En ce qui concerne les barrières techniques à la surveillance massive, à l’échelle d’une nation, nous avons déjà abordé le sujet en long en large et en travers dans nos rubriques Saga Amesys et Saga Deep Packet Inspection sur Reflets.info. Techniquement, nous parlons d’un système capable d’agréger les interceptions réalisées en plusieurs points de centralisation du trafic :

  • Coeur de réseau des FAI
  • Points d’atterrissement des câbles sous-marins
  • Quelques tronçons nationaux de fibres bien identifiés

Une fois les données interceptées, il faut ensuite les stocker et les indexer dans une sorte d’énorme base de données sur laquelle on pourra à posteriori lancer des requêtes, portant sur un internaute (ex : un nom, une adresse IP, une adresse mail, un pseudonyme…) ou un thème plus générique (ex : Al Qaida, AQMI …).

Capture d’écran 2013-05-18 à 19.54.16

Ces outils ne sont pas des outils de science fiction, c’est par exemple ce qu’Amesys a vendu au régime de Kadhafi, sur mesure, à une échelle certes plus modeste et surtout plus centralisée que la capacité et l’architecture nécessaire pour réaliser la même chose en France. Mais tout ceci n’est qu’une question de moyens. La Libye, c’est un POC (un proof of concept), vite rentabilisé par la suite par le biais d’une vente d’un système équivalent au Qatar… et à d’autres pays.

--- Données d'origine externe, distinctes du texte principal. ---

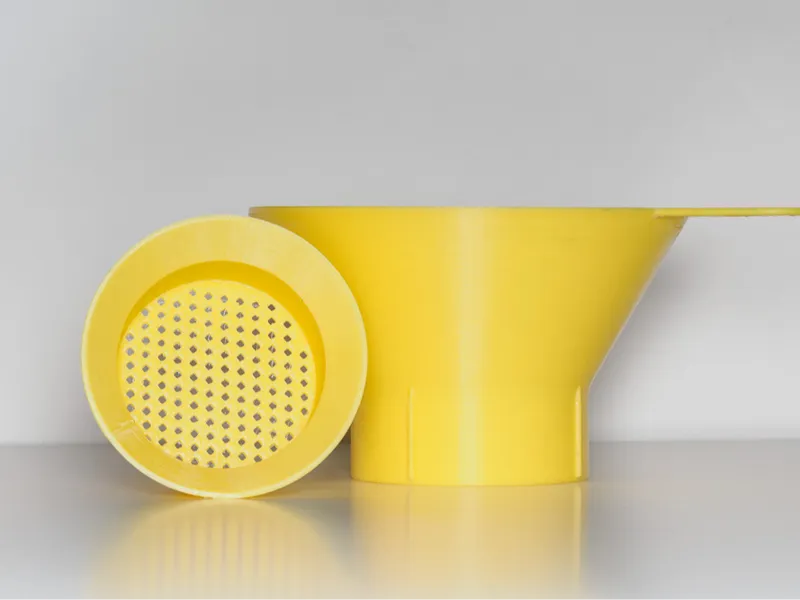 Wide Mouth Jar Funnel w/Strainer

Des barrières techniques, découlent des barrières économiques. Combien ça coûterait d’écouter toute une nation ? Pour un pays comme la France, on parlerait de quelques centaines de millions d’euros, beaucoup moins qu’un sous-marin nucléaire moderne.

Ces deux points brièvement balayés vont nous amener sur le cadre légal et malheureusement… à une pratique supposée, mais plausible, de contournement. Dans cet article sur la plateforme nationale d’interceptions judiciaires, j’avais évoqué la différence entre les interceptions judiciaires (sur demande d’un juge), et les interceptions administratives, plus opaques.

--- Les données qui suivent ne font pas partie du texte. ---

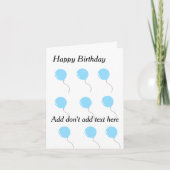 Customizable birthday cards kaart (Voorkant)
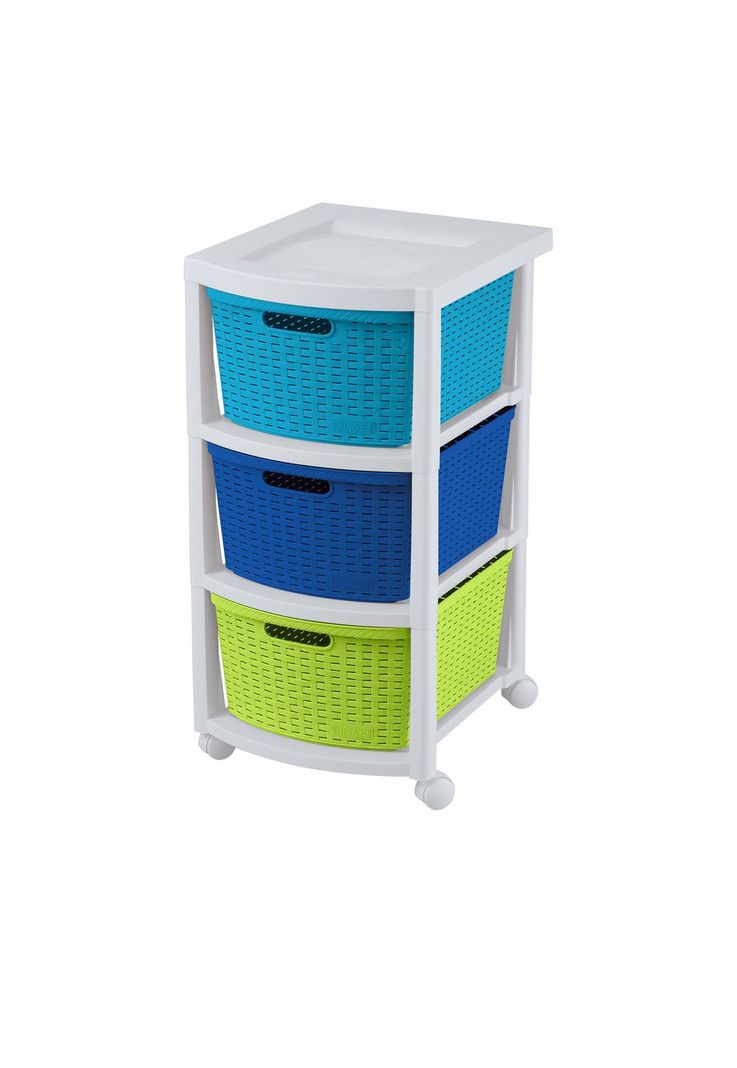 Cajonero Infantil Rattan 3 Gavetas 39x33x66 cms Rimax Diseno 1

Je vais donc poser aujourd’hui ouvertement la question : existe t-il un troisième niveau d’interceptions s’appuyant sur une architecture décentralisée, hors du territoire français, opérées par la direction du renseignement militaire ?

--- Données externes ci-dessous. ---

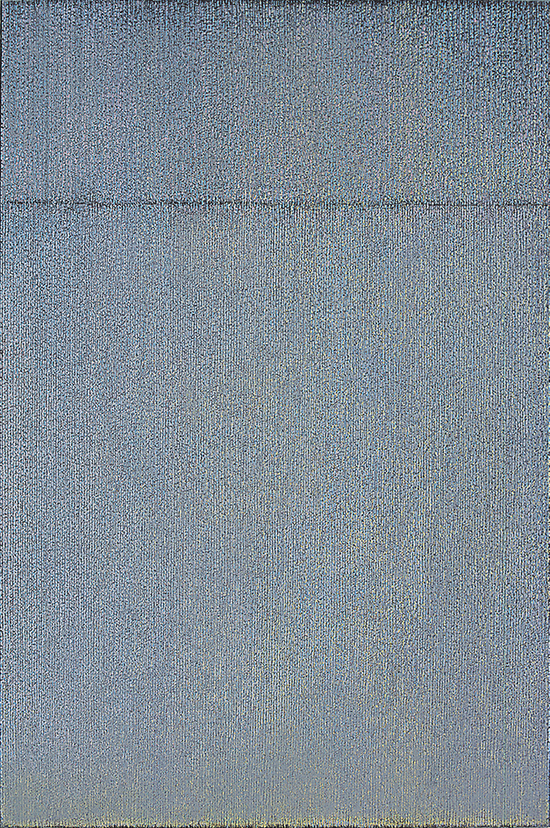 蒋正根作品 《点苔 -16.11NO.8》 丙烯 120×100cm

Si la France venait un jour à utiliser l’interception massive, ce serait probablement dans le but de surveiller une population autre que sa propre population (pour des raisons de sécurité intérieure, de menace terroriste, d’espionnage économique…).  Tout comme les USA espionnent de longue date les communications Européennes, mondiales, … et même nationales.

Le scénario qui tue

Encore une fois, et ce n’est là que pure fiction issue d’une réflexion datant d’ il y a bientôt deux années, thèse qui est malheureusement en train de faire son chemin… voici comment je m’y prendrais si je voulais écouter massivement, à moindre coût, et surtout discrètement.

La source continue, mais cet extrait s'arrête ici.